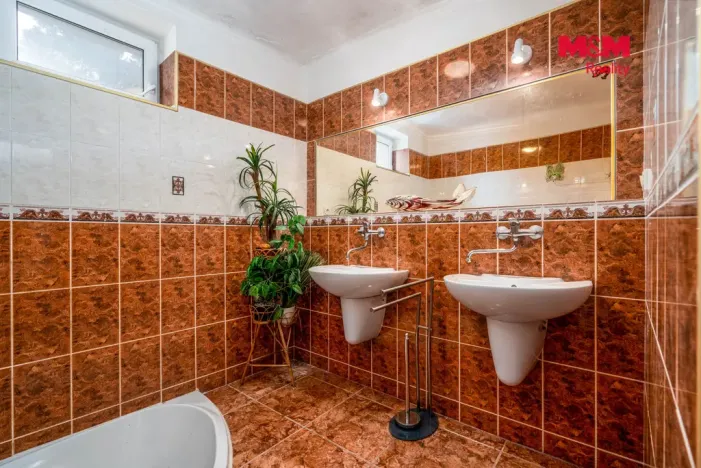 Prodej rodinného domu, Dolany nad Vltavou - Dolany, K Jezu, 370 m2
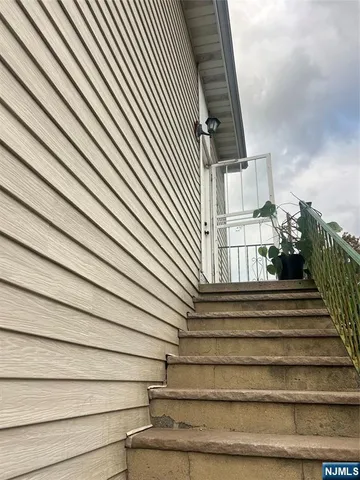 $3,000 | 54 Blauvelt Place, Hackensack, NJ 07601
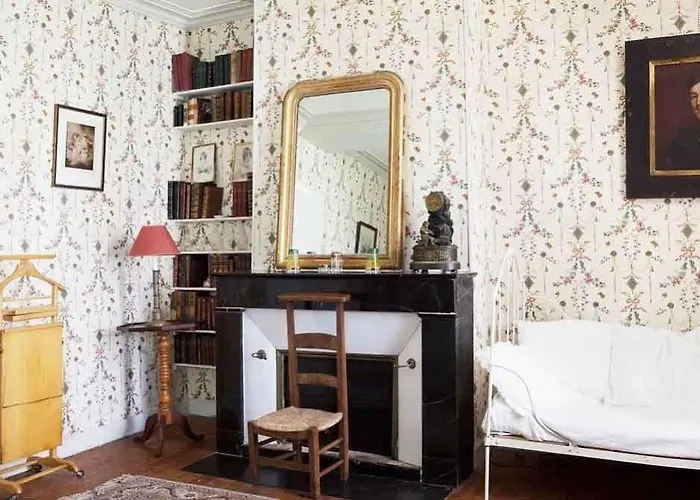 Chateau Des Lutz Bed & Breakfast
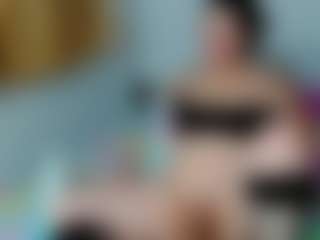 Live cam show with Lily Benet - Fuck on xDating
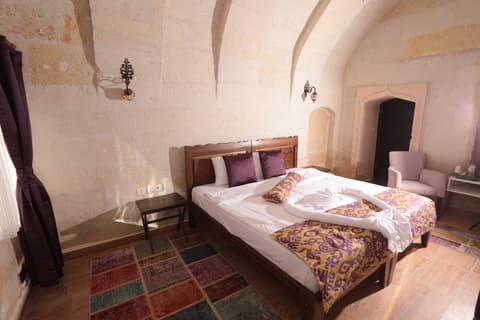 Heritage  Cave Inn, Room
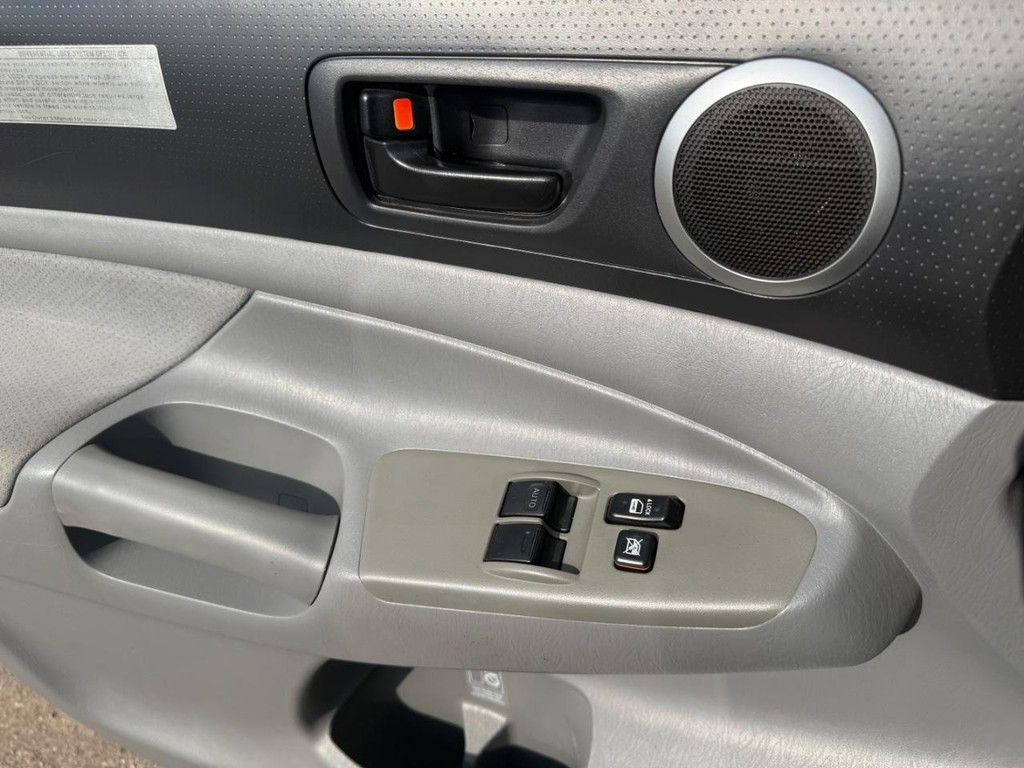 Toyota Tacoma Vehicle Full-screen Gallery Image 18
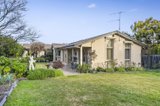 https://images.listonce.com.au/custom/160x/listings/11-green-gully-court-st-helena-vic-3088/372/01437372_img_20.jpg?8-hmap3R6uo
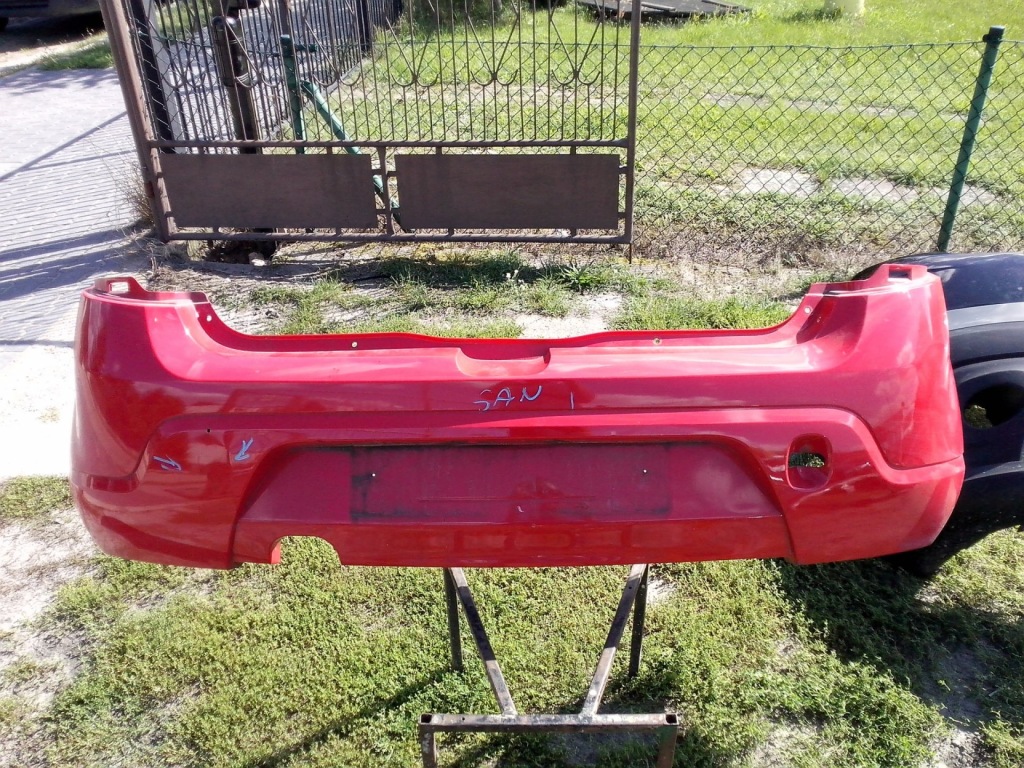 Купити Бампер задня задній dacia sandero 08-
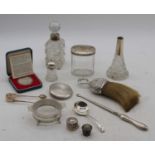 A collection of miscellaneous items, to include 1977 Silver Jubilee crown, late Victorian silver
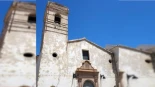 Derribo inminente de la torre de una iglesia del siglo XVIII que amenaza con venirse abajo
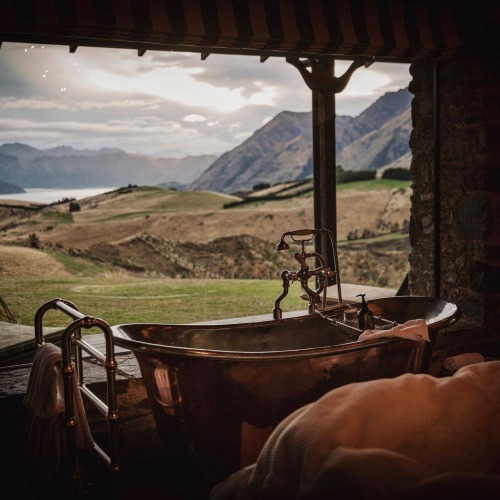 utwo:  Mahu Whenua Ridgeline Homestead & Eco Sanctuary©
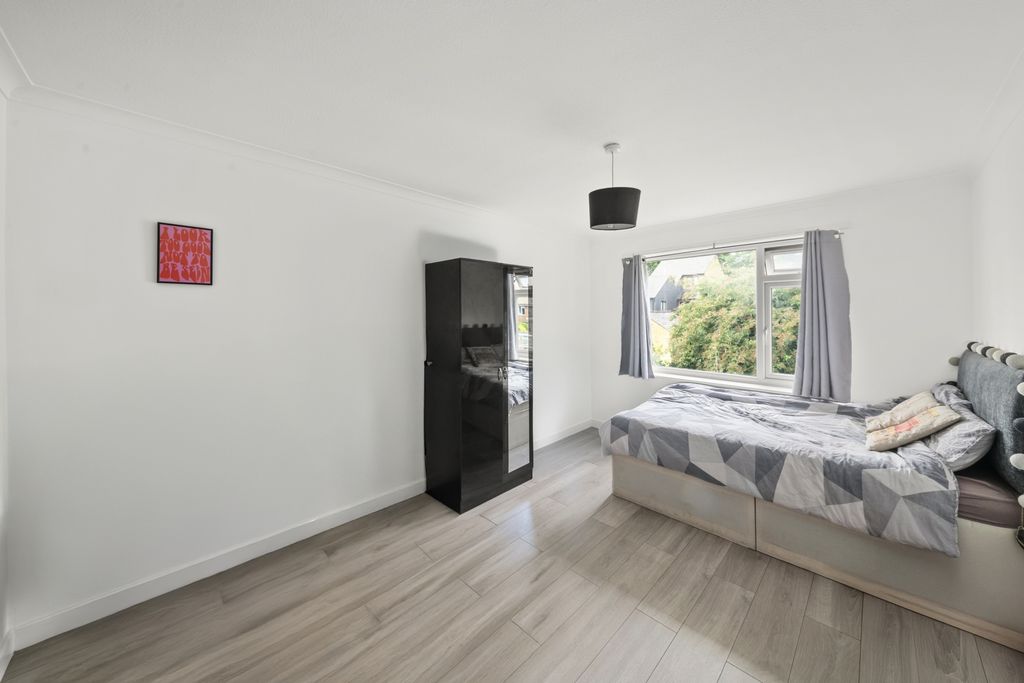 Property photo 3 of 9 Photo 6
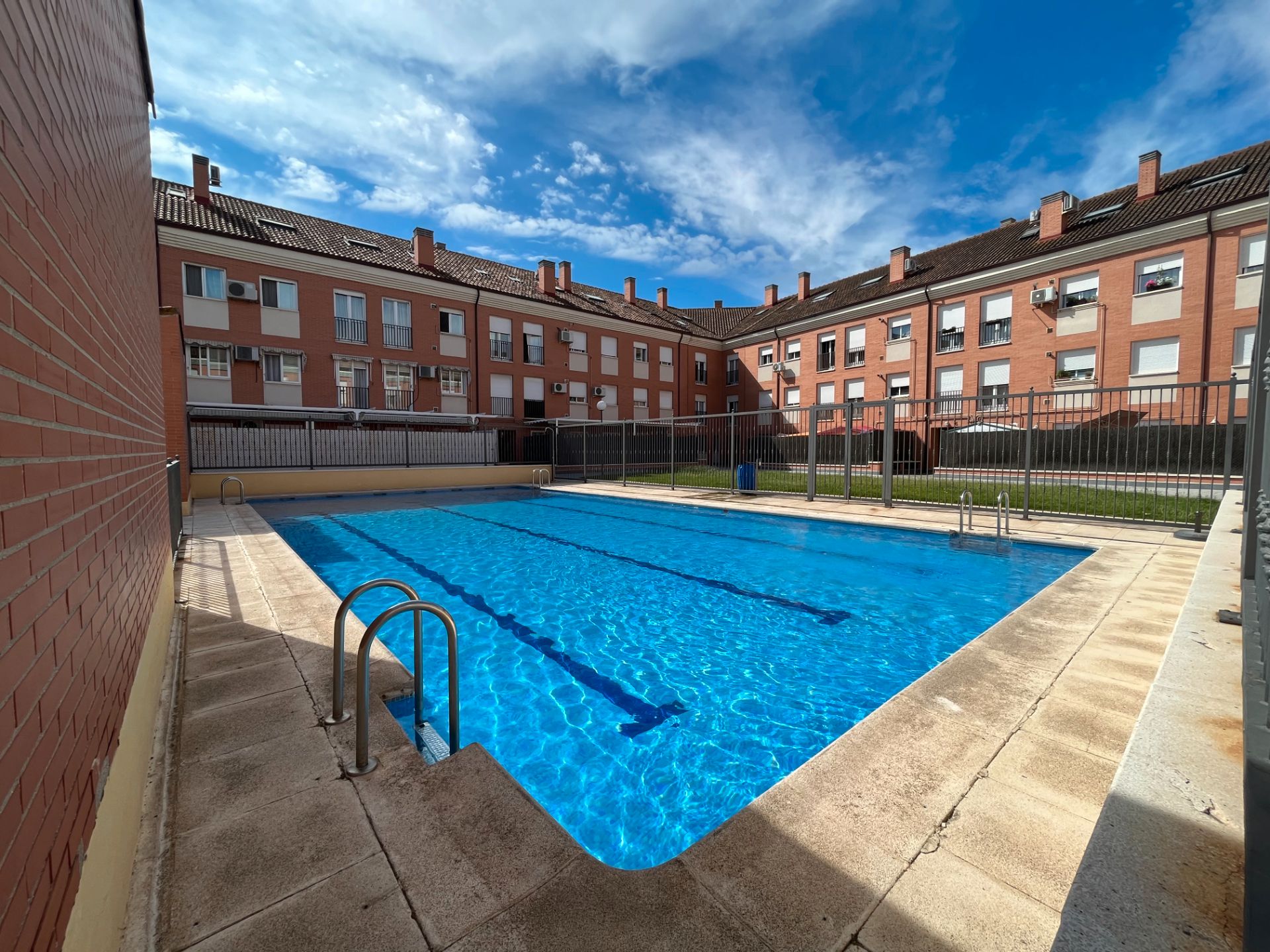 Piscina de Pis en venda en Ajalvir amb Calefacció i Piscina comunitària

·····

## ASSIGNMENT
Keep out the pictures, and copy exactly the lines from the one that contains "Hackensack, NJ 07601" through the final line of the records above, both ends included.

## RESULT OF THIS TASK
 $3,000 | 54 Blauvelt Place, Hackensack, NJ 07601
 Chateau Des Lutz Bed & Breakfast
 Live cam show with Lily Benet - Fuck on xDating
 Heritage  Cave Inn, Room
 Toyota Tacoma Vehicle Full-screen Gallery Image 18
 https://images.listonce.com.au/custom/160x/listings/11-green-gully-court-st-helena-vic-3088/372/01437372_img_20.jpg?8-hmap3R6uo
 Купити Бампер задня задній dacia sandero 08-
 A collection of miscellaneous items, to include 1977 Silver Jubilee crown, late Victorian silver
 Derribo inminente de la torre de una iglesia del siglo XVIII que amenaza con venirse abajo
 utwo:  Mahu Whenua Ridgeline Homestead & Eco Sanctuary©
 Property photo 3 of 9 Photo 6
 Piscina de Pis en venda en Ajalvir amb Calefacció i Piscina comunitària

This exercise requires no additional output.